Aberrant histone modification by HDACs may modulate the inflammatory response by regulating many cytokines and mediators. To this end, we examined which cytokines may be modulated by histone modification in CD4+ T cells in peripheral blood of OLP patients. Although there have been a large number of publications in recent years identifying specific abnormal cytokines in OLP, it is becoming increasingly clear that cytokines do not work separately, but rather interact and function in complex immunomodulation networks. We used a high‐throughput array system to detect 40 cytokines in the OLP microenvironment, and a notable increase was observed in eight proteins. Importantly, five of the eight cytokines (eotaxin‐2, IL‐1ra, MCP‐1, MIP‐1b, and TNFRII) have not been reported in OLP before. Compared with previous studies, however, we did not find Th1/Th2 or other Th subsets predominant in OLP. The different results may be due to the different methods of detection, or the influence of differences in genetic background, lesion site, sex, and age between study populations.

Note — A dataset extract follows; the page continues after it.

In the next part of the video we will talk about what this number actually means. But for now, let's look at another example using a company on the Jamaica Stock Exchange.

We eventually identified five cytokines, IL‐4, IL‐16, MCP‐1, TIMP‐2, and MIP‐1a that may be associated with histone modification. The level of HDAC6 mRNA expression positively correlated with MCP‐1 production in the OLP group and the level of HDAC7 mRNA expression positively correlated with MIP‐1a production in the EOLP group. HDAC6 and HDAC7 are both class II HDACs that have been found to be correlated with pathologic grade and tumor stage in several human cancers.25, 26 They also appear to have crucial roles in T cell development and function. HDAC6 overexpression results in increased T cell migration and chemotaxis,27 and nuclear export of HDAC7 regulates the expression of cytokines, cytokine receptors, and adhesion molecules.28 A selective class II HDAC inhibitor has been found to decrease inflammatory cytokine levels in different cell lines.29, 30 We can infer that the inhibition of HDAC activation, and the subsequent modification of chromatin status, change the molecular signature of mediators, leading to changes in the inflammatory environment.

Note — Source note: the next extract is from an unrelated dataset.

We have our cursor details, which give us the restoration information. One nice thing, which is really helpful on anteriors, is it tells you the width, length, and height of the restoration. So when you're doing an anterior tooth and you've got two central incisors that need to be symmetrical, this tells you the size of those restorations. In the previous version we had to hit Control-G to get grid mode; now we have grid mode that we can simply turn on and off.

In summary, our results revealed that histone modifications are apparently altered in peripheral blood of CD4+ T cells and are correlated with cytokine production in OLP patients. These findings provide novel insights into the pathogenesis of OLP. It is possible that the reversal of epigenetic changes could be an effective therapy for OLP. Further research is necessary to confirm our results, and to determine the causes leading to the deregulation of epigenetic mechanisms in patients with OLP.

CONFLICT OF INTEREST

The authors declared that they have no conflict of interest.